[Task inputs]

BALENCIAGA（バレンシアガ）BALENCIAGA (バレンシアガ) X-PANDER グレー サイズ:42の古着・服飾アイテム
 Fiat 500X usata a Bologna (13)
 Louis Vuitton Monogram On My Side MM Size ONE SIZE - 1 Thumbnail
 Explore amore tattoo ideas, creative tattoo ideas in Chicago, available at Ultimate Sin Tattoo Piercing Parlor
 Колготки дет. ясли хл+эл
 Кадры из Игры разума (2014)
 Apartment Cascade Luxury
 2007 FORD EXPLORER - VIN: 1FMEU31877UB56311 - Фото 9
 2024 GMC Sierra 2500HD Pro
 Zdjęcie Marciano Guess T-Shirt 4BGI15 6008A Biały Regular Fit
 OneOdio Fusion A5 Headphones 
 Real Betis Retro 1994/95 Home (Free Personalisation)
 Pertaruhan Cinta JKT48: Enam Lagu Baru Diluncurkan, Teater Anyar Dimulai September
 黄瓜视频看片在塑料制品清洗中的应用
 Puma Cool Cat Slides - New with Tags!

[/Task inputs]

__Problem statement__:
The required response is a complete, exact copy of the records.

__Answer area__:
BALENCIAGA（バレンシアガ）BALENCIAGA (バレンシアガ) X-PANDER グレー サイズ:42の古着・服飾アイテム
 Fiat 500X usata a Bologna (13)
 Louis Vuitton Monogram On My Side MM Size ONE SIZE - 1 Thumbnail
 Explore amore tattoo ideas, creative tattoo ideas in Chicago, available at Ultimate Sin Tattoo Piercing Parlor
 Колготки дет. ясли хл+эл
 Кадры из Игры разума (2014)
 Apartment Cascade Luxury
 2007 FORD EXPLORER - VIN: 1FMEU31877UB56311 - Фото 9
 2024 GMC Sierra 2500HD Pro
 Zdjęcie Marciano Guess T-Shirt 4BGI15 6008A Biały Regular Fit
 OneOdio Fusion A5 Headphones 
 Real Betis Retro 1994/95 Home (Free Personalisation)
 Pertaruhan Cinta JKT48: Enam Lagu Baru Diluncurkan, Teater Anyar Dimulai September
 黄瓜视频看片在塑料制品清洗中的应用
 Puma Cool Cat Slides - New with Tags!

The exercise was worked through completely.